Additional tooth files. In addition to elucidating ontogenetic heterodonty, the sample of 17 isolated P. bizzocoi sp. nov. teeth increases our understanding of monognathic and dignathic heterodonty within the species. Included in the sample are two tooth positions that are not represented amongst the teeth associated with GSA-V447. One of these teeth, MSC 49452 (Fig. 7z View Figure 7 -cc), has a tall and triangular main cusp, two pairs of lingually curved lateral cusplets, complete mesial and distal cutting edges, plications along the labial crown base, a pronounced lingual root protuberance with nutritive groove, and a deep U-shaped interlobe area, which are all characteristics of P. bizzocoi sp. nov. anterior teeth. However, this tooth also has an elongated and mesially extended mesial root lobe, and the distal edge of the main cusp is more convex than the mesial edge, giving the main cusp a slight mesial curve (as opposed to distally inclined or hooked). Of the extant lamniform dentitions we examined, these unique characteristics are remarkably similar to those of the upper third anterior teeth of Carcharias taurus and Mitsukurina owstoni .

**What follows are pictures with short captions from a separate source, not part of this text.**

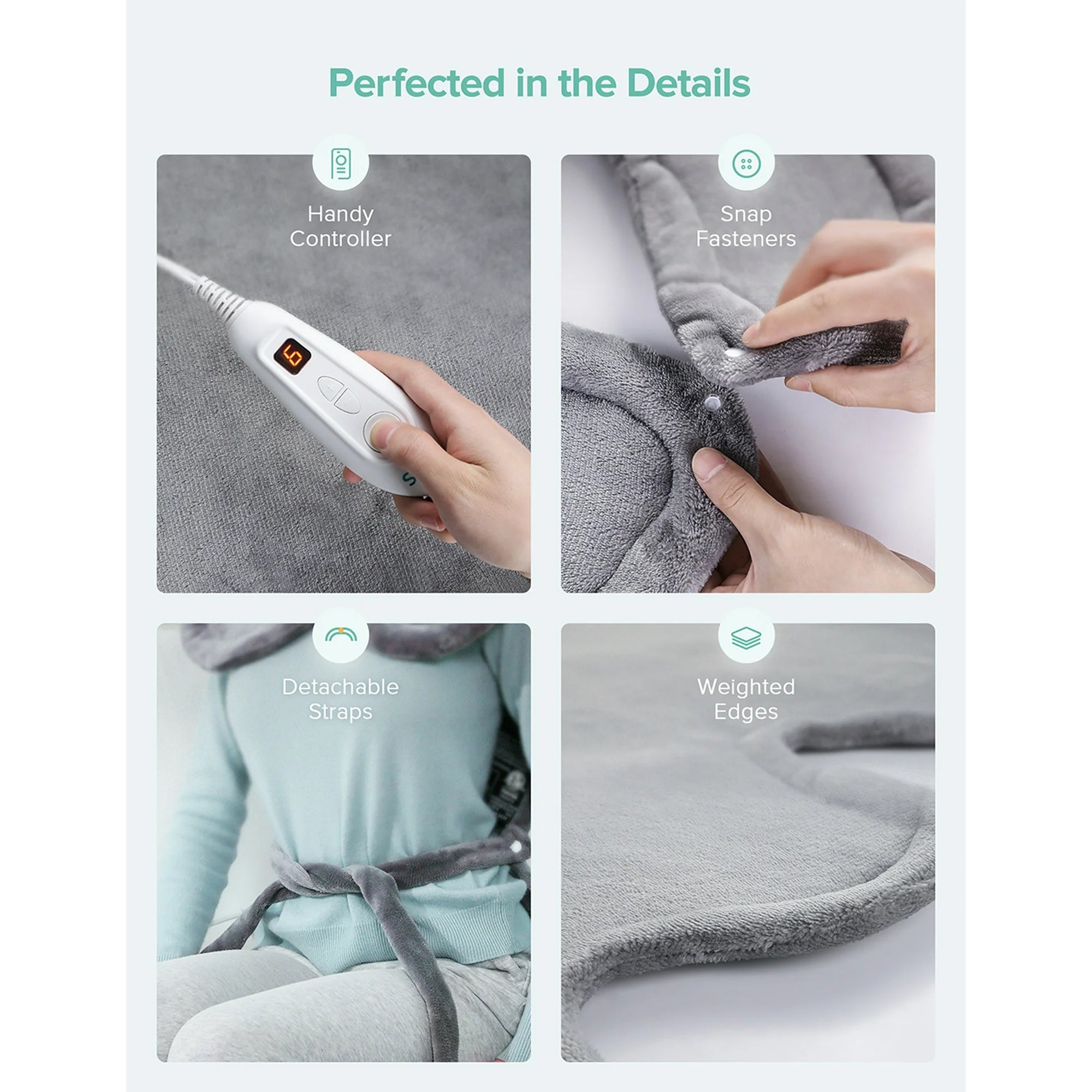 Heating Pad for Neck and Shoulders, 35” x 27” Extra Large Back Pain Relief Electric Heating Wrap, Dry & Moist Heat Therapy, 6 Temperature Settings, Machine Washable, 2 Hours Auto Shut-Off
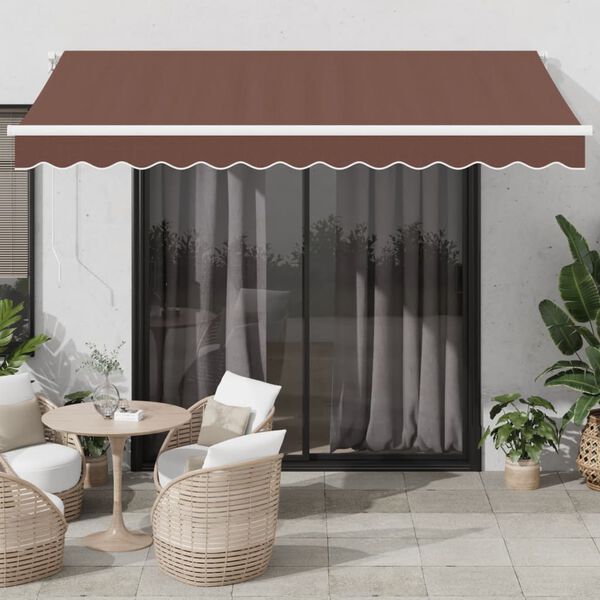 vidaXL Toldo retr&aacute;til manual com luzes LED 350x250 cm castanho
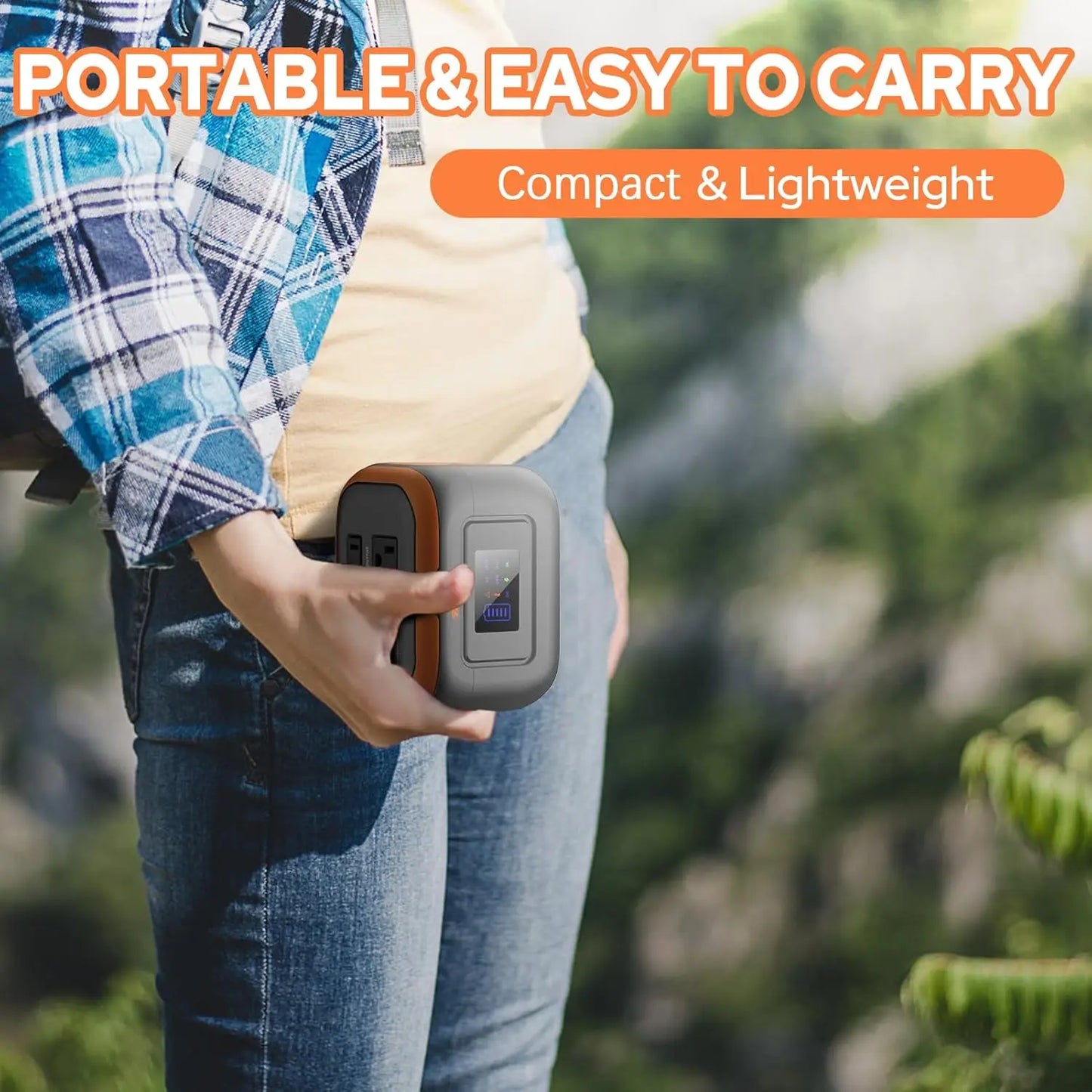 120W Portable Power Station 97.6Wh Power Bank with AC Outlet/USB C/LED Light for
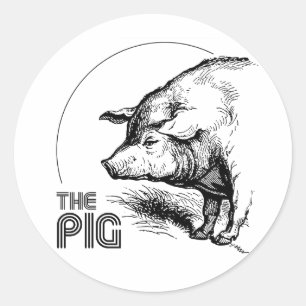 STICKER ROND LE PIG VINTAGE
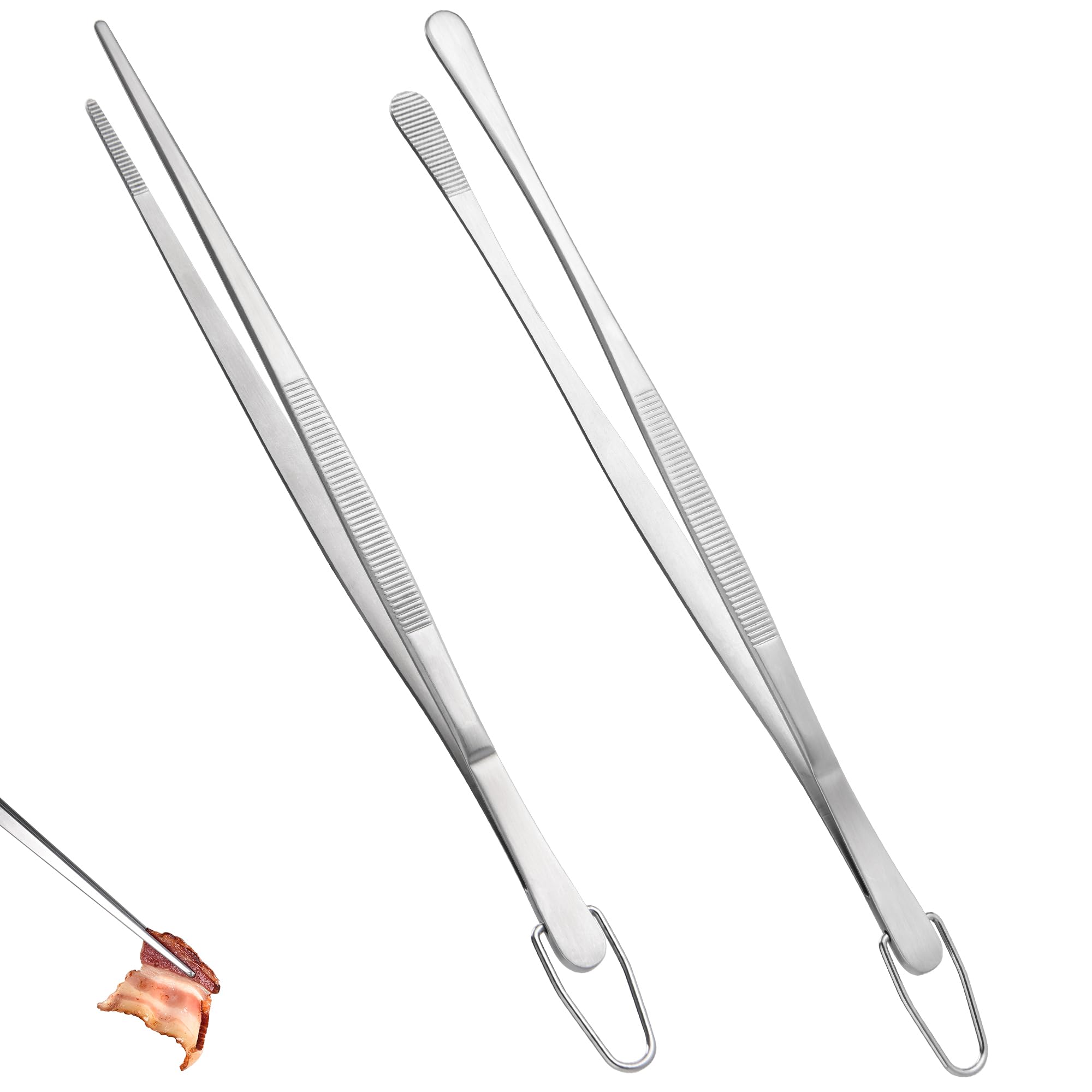 U-Taste 12" Kitchen Tweezer Tongs Set: 18/8 Stainless Steel Food-Grade Metal Cooking Tong, Flexible Pinching, Seamless-Welding, Non-Slip for Serving, Grilling, Frying, Feeding (Round & Pointed Tip)
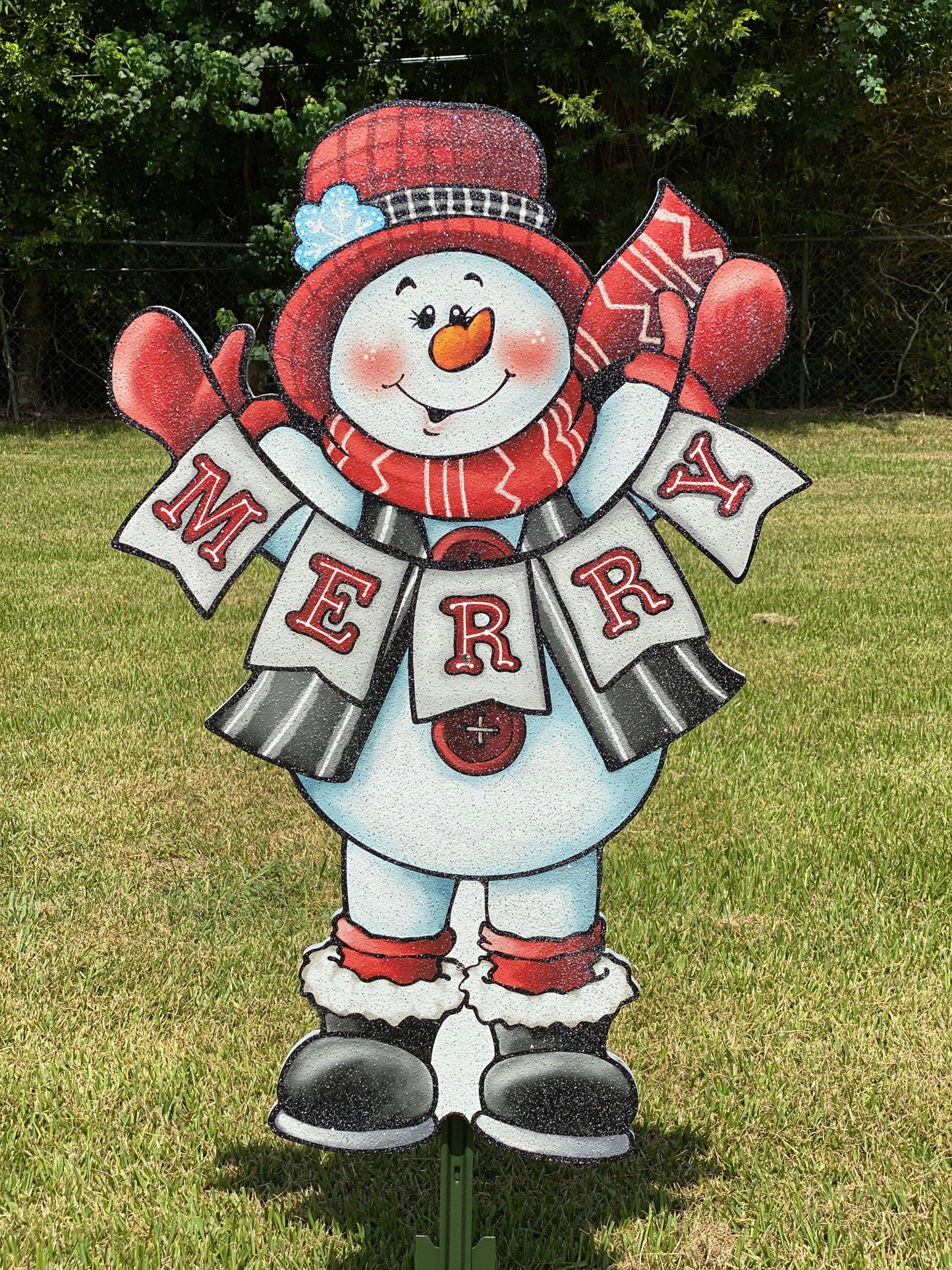 Let It Snow Snowman Head with Merry Snowman Christmas Yard Art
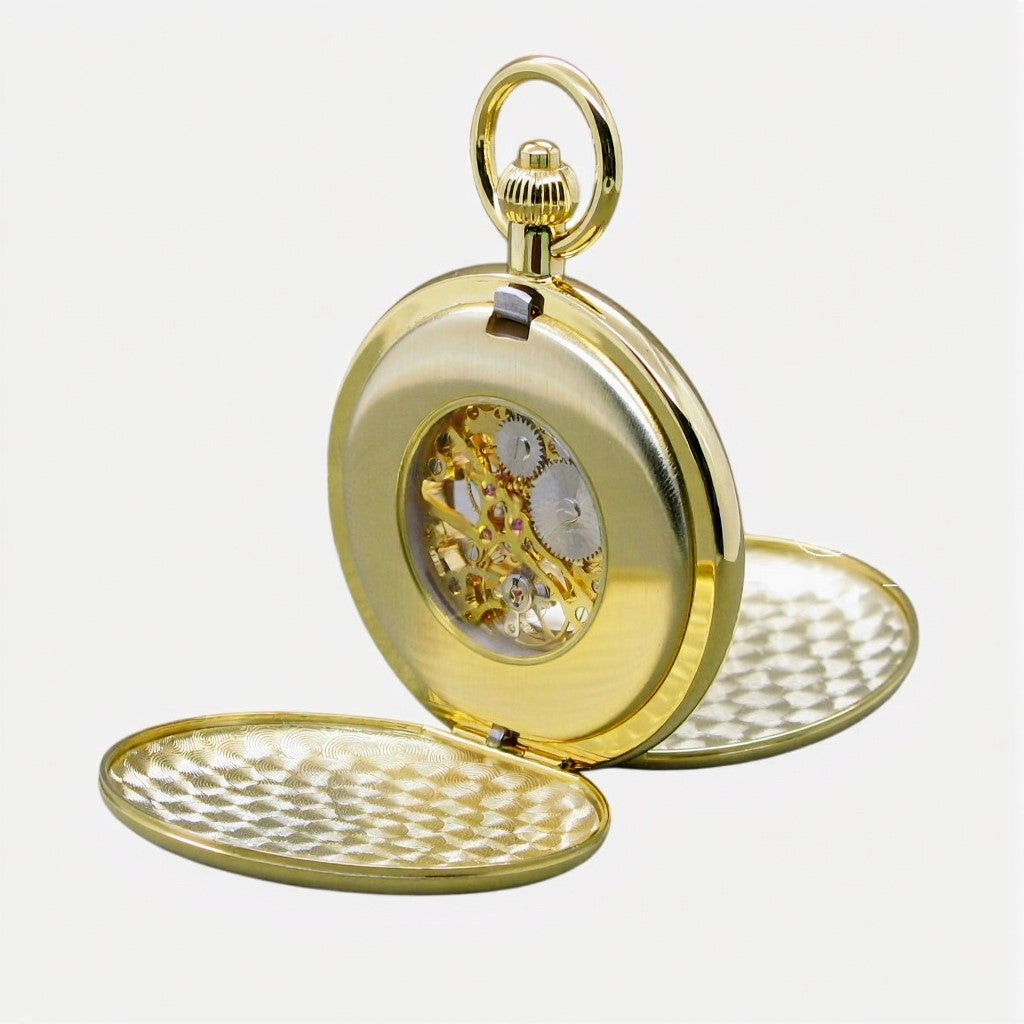Mechanical Pocket Watch with visible case back to view the skeleton movement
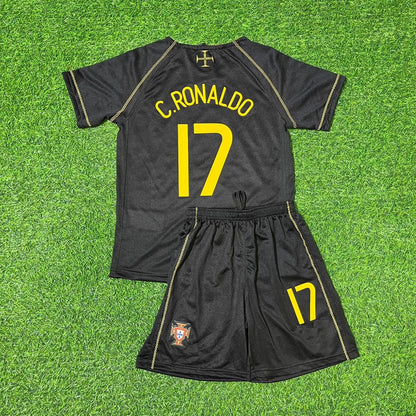 Cristiano Ronaldo Portugal WM 2006 Schwarz Retro Kinder Fußballtrikot-Set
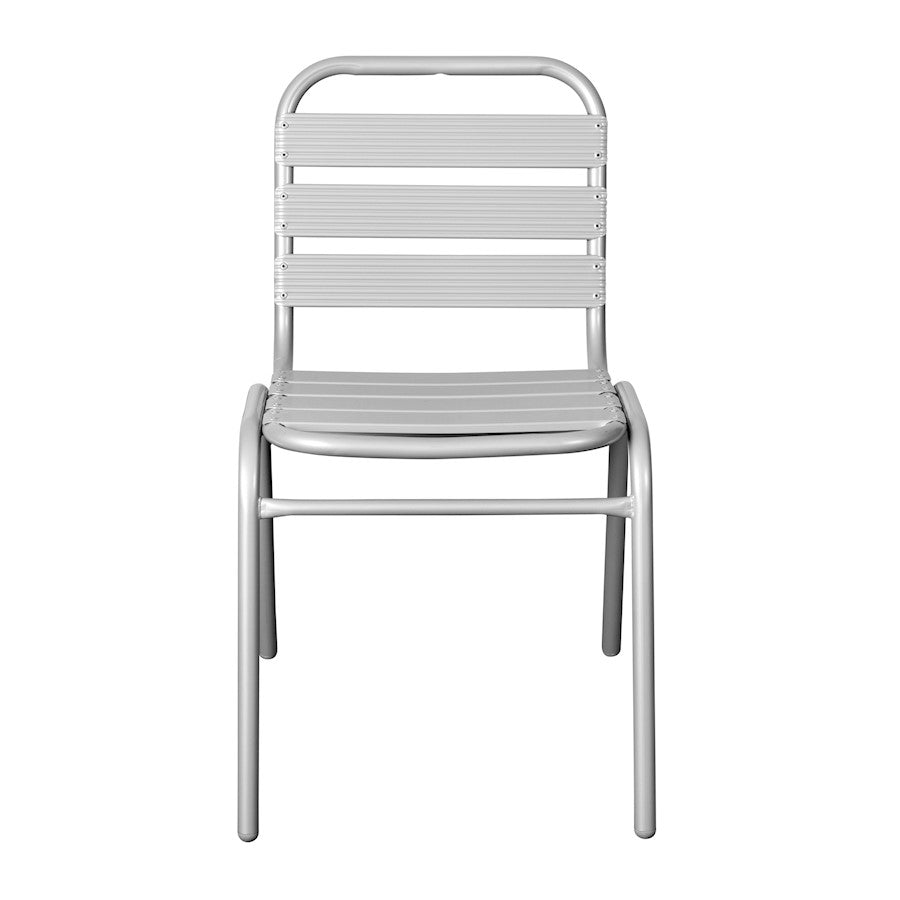 Flash Lila Slat Back Chair, Silver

Specimen MMNS VP-7295.4 is herein regarded as an upper posterior tooth of P. bizzocoi sp. nov. (Fig. 7u-y View Figure 7 ). This tooth is very small and measures 5.4 mm in TH and 6.4 mm in RW. The tooth has a short and distally hooked main cusp and although the lateral cusplets are not preserved on this tooth, it appears to have had at least one pair. The mesial and distal cutting edges are complete and extend to the base of the lateral cusplets. The root is robust and, in lingual view, the height of the root (3.8 mm) is more than twice the height of the crown (1.6 mm). The root lobes are short, rounded, divergent, and form a wide and U-shaped interlobe area. The lingual face of the root is bisected by a deep nutritive groove. Perhaps the most conspicuous feature of this tooth is the extensive ornamentation along the labial crown foot, where enameloid plications coalesce into spine-like structures. Similar ornamentation has been reported on posterolateral and posterior teeth of Palaeohypotodus rutoti (see Herman 1972, pl. 2, figs 1-3, 5; Herman 1977, pl. 10, fig. 3e; Cappetta 2012, fig. 192h-j), and this specific characteristic was noted by Leriche (1902, 1906) and Herman (1972, 1977). This phenomenon indicates a degree of dental homology and stasis between the temporally younger P. rutoti and the Danian P. bizzocoi sp. nov.